_Data listing_.
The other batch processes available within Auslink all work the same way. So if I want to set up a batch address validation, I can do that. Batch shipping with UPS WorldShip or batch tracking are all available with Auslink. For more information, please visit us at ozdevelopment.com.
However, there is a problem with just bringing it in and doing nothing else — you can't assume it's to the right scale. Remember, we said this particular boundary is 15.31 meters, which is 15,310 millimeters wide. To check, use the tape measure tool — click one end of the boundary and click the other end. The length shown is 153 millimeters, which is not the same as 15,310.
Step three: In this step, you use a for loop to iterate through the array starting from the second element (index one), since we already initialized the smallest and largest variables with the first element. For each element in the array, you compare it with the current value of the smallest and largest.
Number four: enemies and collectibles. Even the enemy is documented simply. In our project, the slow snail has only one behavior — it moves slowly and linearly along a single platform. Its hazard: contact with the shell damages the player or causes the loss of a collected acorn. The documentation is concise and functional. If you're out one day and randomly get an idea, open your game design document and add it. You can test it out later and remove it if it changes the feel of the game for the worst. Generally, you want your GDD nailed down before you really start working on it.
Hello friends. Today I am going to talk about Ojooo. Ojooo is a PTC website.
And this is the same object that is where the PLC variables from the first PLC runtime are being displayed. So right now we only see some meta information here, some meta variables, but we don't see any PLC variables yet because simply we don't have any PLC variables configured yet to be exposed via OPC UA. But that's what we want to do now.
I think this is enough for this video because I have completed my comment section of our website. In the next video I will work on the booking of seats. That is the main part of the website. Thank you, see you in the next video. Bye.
...
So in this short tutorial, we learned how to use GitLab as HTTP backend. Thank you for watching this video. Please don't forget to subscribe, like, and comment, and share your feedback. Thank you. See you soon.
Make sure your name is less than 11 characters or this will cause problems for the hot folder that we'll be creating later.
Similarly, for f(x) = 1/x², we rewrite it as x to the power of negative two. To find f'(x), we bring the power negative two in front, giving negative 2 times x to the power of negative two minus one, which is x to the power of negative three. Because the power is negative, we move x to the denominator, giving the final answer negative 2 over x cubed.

_Task requirements_. In the listing above, find the line with "And this is" and the line with "I think this"; set down exactly those two lines and every line between them, nothing more.

_Problem solution_.
And this is the same object that is where the PLC variables from the first PLC runtime are being displayed. So right now we only see some meta information here, some meta variables, but we don't see any PLC variables yet because simply we don't have any PLC variables configured yet to be exposed via OPC UA. But that's what we want to do now.
I think this is enough for this video because I have completed my comment section of our website. In the next video I will work on the booking of seats. That is the main part of the website. Thank you, see you in the next video. Bye.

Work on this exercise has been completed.